OTTAWA – The federal government’s decision to more quickly loosen rules on foreign investment in Canadian companies is a signal that the country is more open to international money and more changes are on the way, Finance Minister Bill Morneau said Thursday.
He didn’t detail what further changes could be coming, or what protected industries — telecommunications and cultural companies, for example — the government may open to foreign investors.
Morneau said that whatever rules the government lays down on foreign investment will protect Canadians and national interests, while giving investors clarity so they can consider making investments here.
“If we’re able to do things that create excellent jobs for Canadians, those are things we should be doing,” Morneau said in an interview with The Canadian Press.
Prime Minister Justin Trudeau and other cabinet ministers have been trying to sell investors on the idea of Canada as a great investment destination and this week they loosened rules about foreign takeovers of domestic companies and foreign investment levels in airlines.
The federal foreign investment law gives the government enormous powers to review takeovers or mergers involving domestic and foreign companies and block those that don’t provide a net benefit to the country.
Cabinet can also block deals that may raise national security issues, but the act doesn’t clearly define national security.
The Liberals loosened the rules for reviews of foreign investment in their fall economic update, raising the threshold for review to $1 billion from $600 million and doing so more than two years sooner than previously planned.

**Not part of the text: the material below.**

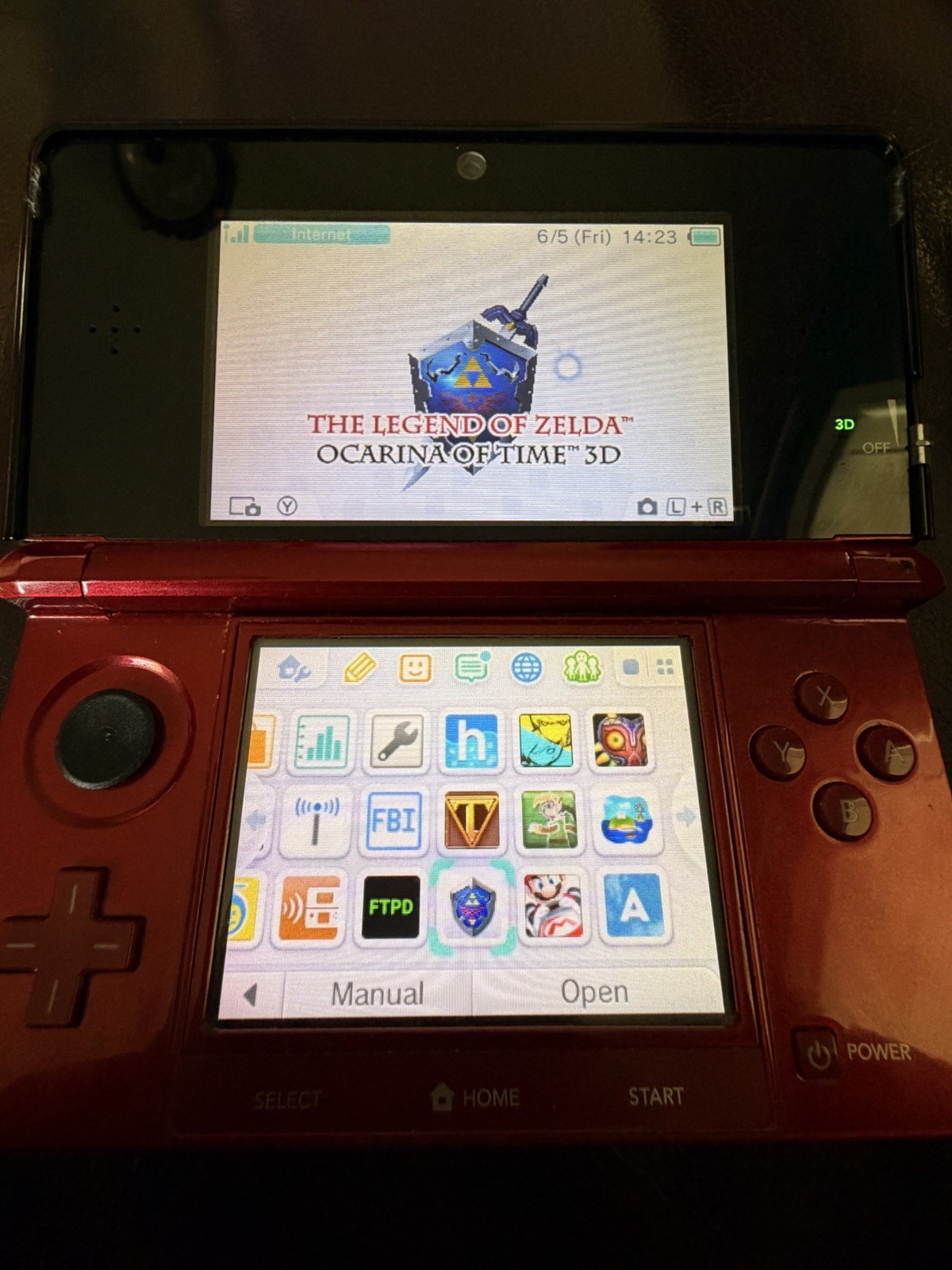Custom 64GB Nintendo 3DS – Metallic Red / Region Free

The government also promised to publish guidelines by the end of the year to explain which investments would be subject to national security reviews.
On Thursday, Transport Minister Marc Garneau announced that international companies will soon be able to own 49 per cent of an airline in Canada — a jump from the current 25 per cent — once the government makes the necessary legislative amendments. In the meantime, Garneau granted exemptions to allow aspiring discount airlines Canada Jetlines and Enerjet to land more international investors, giving the airlines something they have long requested.
“We think that these things demonstrate that we want investments in Canada,” Morneau said.
“They demonstrate that we know that investors in Canada like the ones that have come in this year — GM, GE, Microsoft, Thomson Reuters — can create good, long-term paying jobs for Canadians.
“That’s what we’re trying to achieve. We’re going to remain focused on that.”